N°8 : Adil Rami contre Saint-Etienne, 10 décembre 2009
Ce match contre Saint-Etienne, tout comme ceux de la 11e journée de L1, aurait initialement dû se jouer le 28 octobre. Seulement, la participation de l’équipe de France aux barrages pour la coupe du monde 2010 a contraint la LFP à le décaler. Pas de chance pour les Verts : en ce mois de décembre, le LOSC est irrésistible et inscrit 4 buts par match. Après Valenciennes (4-0) et Lyon (4-3) et avant Monaco (4-0), Le Mans (3-0) et Nancy (4-0), ce sont donc les Stéphanois qui prennent le tarif du moment : 4-0. Et ça rigole tellement à cette période là que Rami frappe les coups-francs et les place juste sous la barre !
N°7 : Bruno Cheyrou contre Guingamp, 8 septembre 2001
Deuxième coup-franc de Bruno Cheyrou dans ce classement, et probablement le plus beau.
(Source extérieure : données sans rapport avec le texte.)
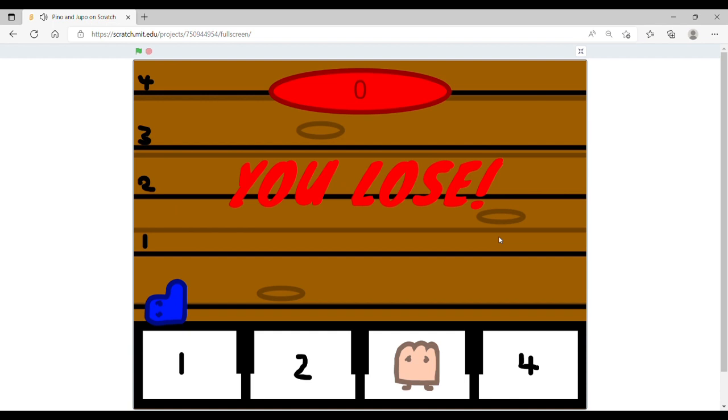Ah well, it looks like I died right at the end then. That's a bit annoying. I suppose you'll see what happens when you win if you play it for yourself. That's so annoying, I died right before I got that last coin.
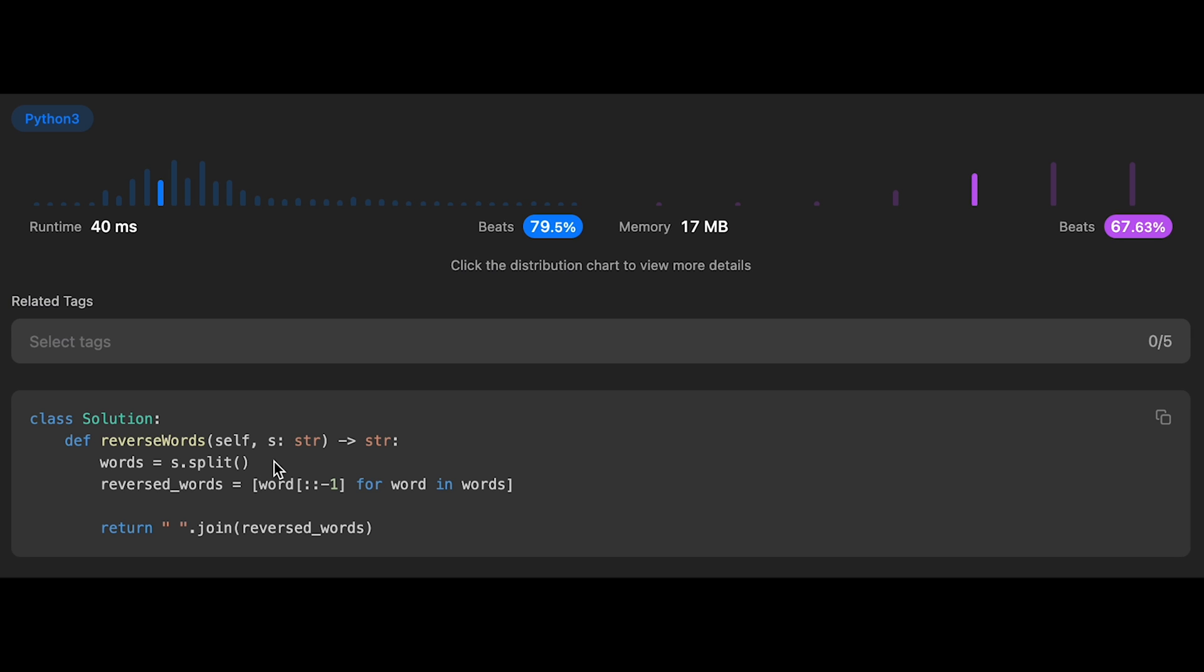And the space complexity is also order of n, because we put all strings into words or reversed_words.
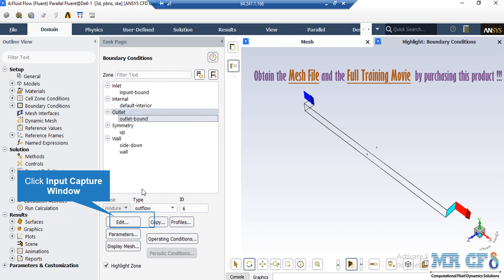And as for the outlet boundary, you can see that the type of this boundary is defined to be Outflow. Now, Outflow boundary condition is used when we do not have any idea about the pressure or velocity of the fluid flow in that section.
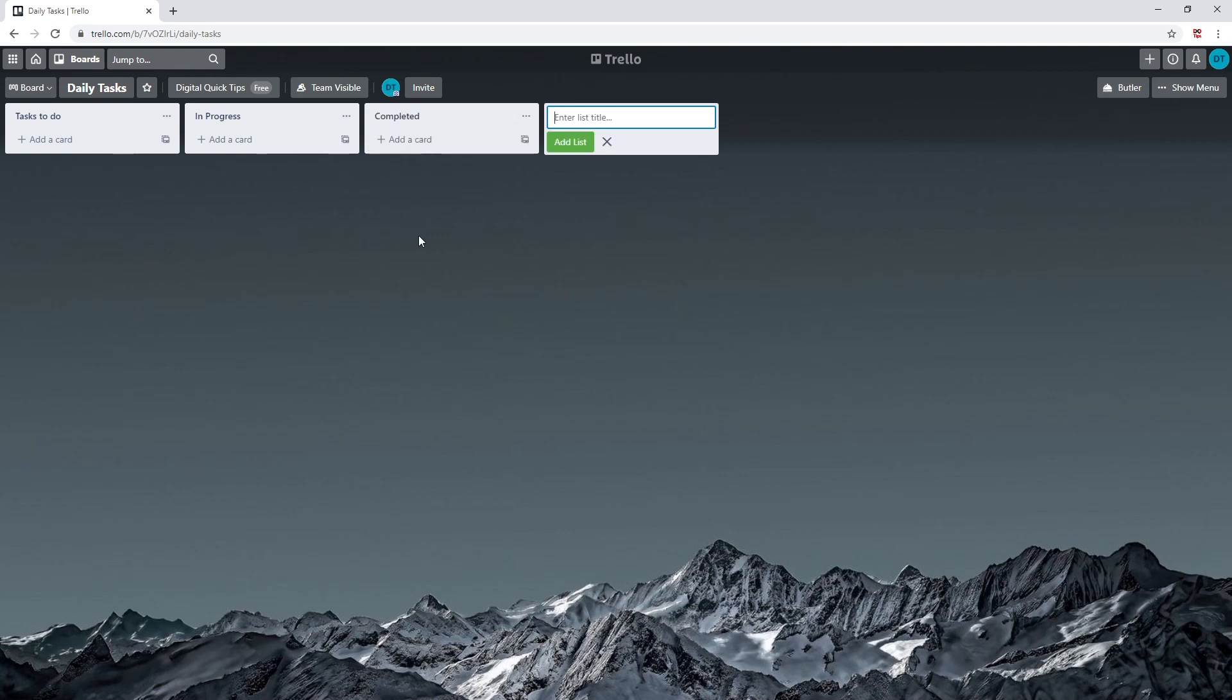In the next video we will be going over adding cards to these lists, going through specific functions of cards like adding due dates, checklists, labels, and more. See you in the next video and thanks for watching.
En ce début de saison 2001/2002, le LOSC parvient à alterner victoires à domicile et nuls à l’extérieur jusque mi-octobre. Au cours de cette série, Guingamp tombe à Grimonprez-Jooris grâce à un coup-franc de Bruno Cheyrou. Alors que le ballon est plutôt placé pour un droitier, la feinte de Boutoille fait faire au gardien breton le petit pas sur sa droite qui le fait prendre un retard irrattrapable. Bruno Cheyrou enroule de l’autre côté et trouve la lucarne.
N°6 : Michel Bastos à Sochaux, 14 septembre 2008
Le début de la première saison avec Rudi Garcia a été un peu poussif (deux défaites et un nul), mais le LOSC s’est enfin imposé contre Bordeaux avant ce déplacement à Sochaux pour la 5e journée. Menés à la pause, les Dogues égalisent à la 63e grâce à une frappe surpuissante de Michel Bastos.
N°5 : Eden Hazard contre Bordeaux, 12 février 2012
Le LOSC a tendance à parfois montrer de sérieuses lacunes défensives au cours de cette saison 2011/2012. Après les 2 buts encaissés en en fin de match contre Moscou, après le nul contre Nice avant la trêve (4-4), le LOSC va faire encore mieux contre Bordeaux avec, cerise sur l’Hitoto, un doublé de Ludovic Obraniak, à peine transféré en Gironde. On a pourtant cru à la remontada : mené 1-4 en début de seconde période, le LOSC parvient à égaliser. La voie avait été tracée par Eden Hazard qui, d’une frappe flottante, avait permis aux Lillois de revenir à 2-4 à la 65e, avant le coup de poignard d’Obraniak, cet ex qui nous en veut.
N°4 : Michel Bastos à Lyon, 18 octobre 2008
Le début de la première saison avec Rudi Garcia a été un peu poussif (voir plus haut), mais le LOSC reste sur 3 victoires consécutives et s’est positionné à la 6e place, au moment de se rendre chez le leader et septuple champion lyonnais. Après une heure de jeu, le score est de 1-1. Le LOSC obtient un coup-franc à 35 mètres que Bastos frappe directement : la frappe flottante part très vite et trompe Lloris après un rebond. Lille prend l’avantage mais se fera rattraper (2-2).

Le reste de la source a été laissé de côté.